Provider Blog / Coding Tip Corner: Where’s the MEAT?
June 3, 2025
Coding Tip Corner: Where’s the MEAT?
Coding Tip Corner is returning to the Provider newsletter. Hopefully this can become an interactive section that will keep offices up to date on coding changes and bring attention to what is acceptable and unacceptable in the coding arena.
Most of the examples in Coding Tip Corner will come from records that have been reviewed for various audits. These will be spotlighted anonymously. This is just another means to keep you informed as changes occur. Providers are treating their patients, and it comes back to you as the coder to determine if there is sufficient MEAT* to code the condition or if a query is necessary.
*MEAT is a common acronym used to identify reportable conditions when documenting a visit, so that all conditions can be captured accurately. Here’s what it stands for:
M is for Monitoring: The document includes signs, symptoms, disease progression or regression, continued surveillance, or observational findings.
E is for Evaluation: the provider has documented the current state of the condition (if chronic), for example, stable, exacerbated, worsening, uncontrolled.
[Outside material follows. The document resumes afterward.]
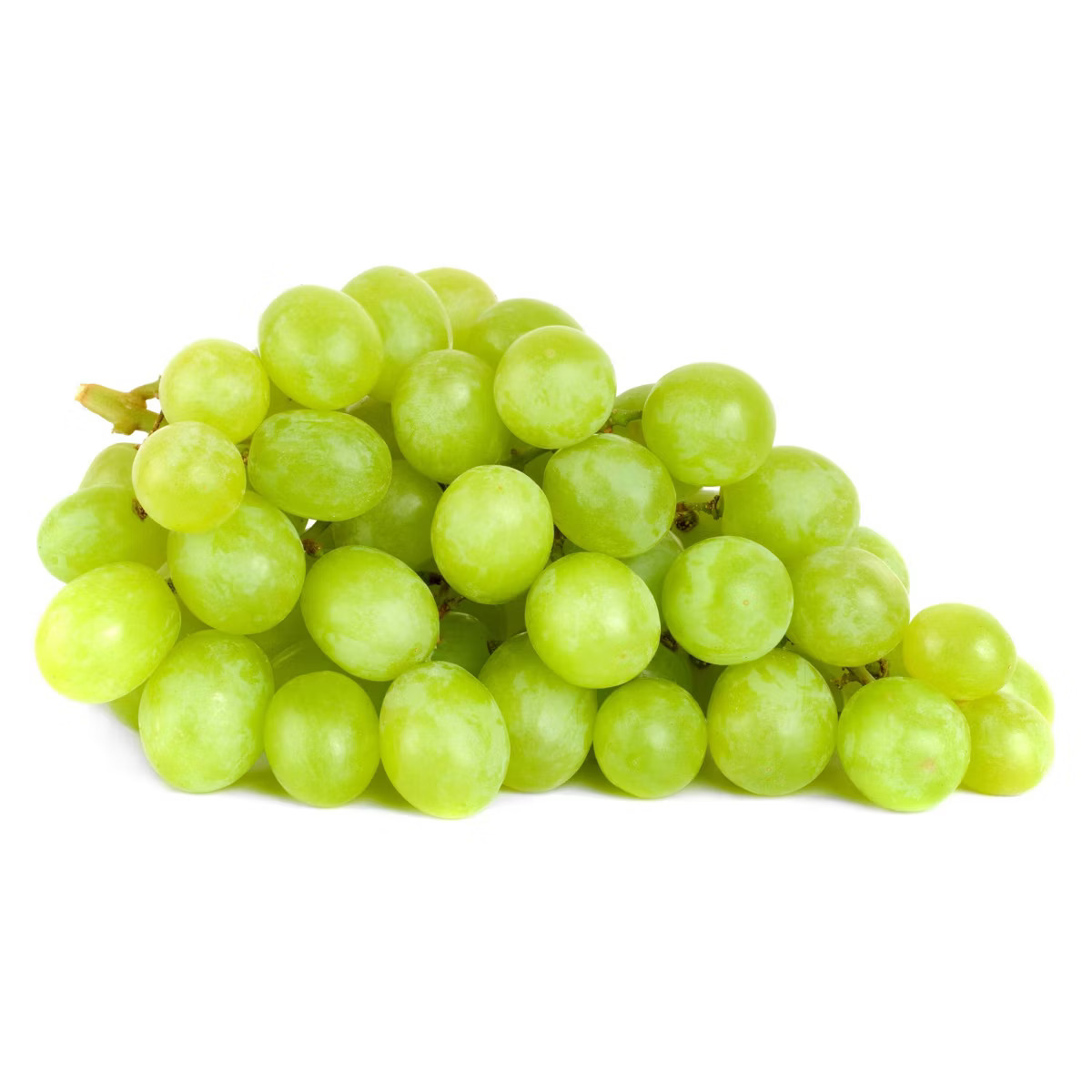 Fresh Extra Large Green Seedless Grapes - 1.5lb Bag | Target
There are examination findings, test results reviewed, discussion of medication or treatment efficacy, or notations of the patient’s response to treatment(s). The provider has noted assessment of late effects of a condition or illness.
A is for Assessment: Documentation exists of the discussion of a chronic condition and how it should be monitored or followed up with a specialist. Records and test results are reviewed. Counseling is provided or a discussion noted about additional evaluation or ordering of additional testing to determine the status of the disease, progression, or regression. Patient care or plans discussed with another provider on the patient’s care team, internally and externally.
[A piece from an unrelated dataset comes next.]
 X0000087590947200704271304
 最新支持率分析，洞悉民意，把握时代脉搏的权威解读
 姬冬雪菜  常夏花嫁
T is for Treatment: The current treatment is documented, reaffirmed, or changed. There is an increase or decrease in medication dosing. A referral to a specialist made, or additional testing, imaging, studies, or therapies are ordered. Patient education is provided related to a specific condition and recommended or ongoing treatment. Additional treatment options are recommended, discussed, or summarized. The treatment plan is reviewed and updated.
Medical records play a crucial role in reimbursement by providing the documentation necessary to support claims and justify the services provided by healthcare providers. These records are reviewed by payers (insurance companies, government programs) such as the Centers for Medicare and Medicaid Services (CMS) as well as the Office of Inspector General (OIG). When errors are found, reimbursement is required.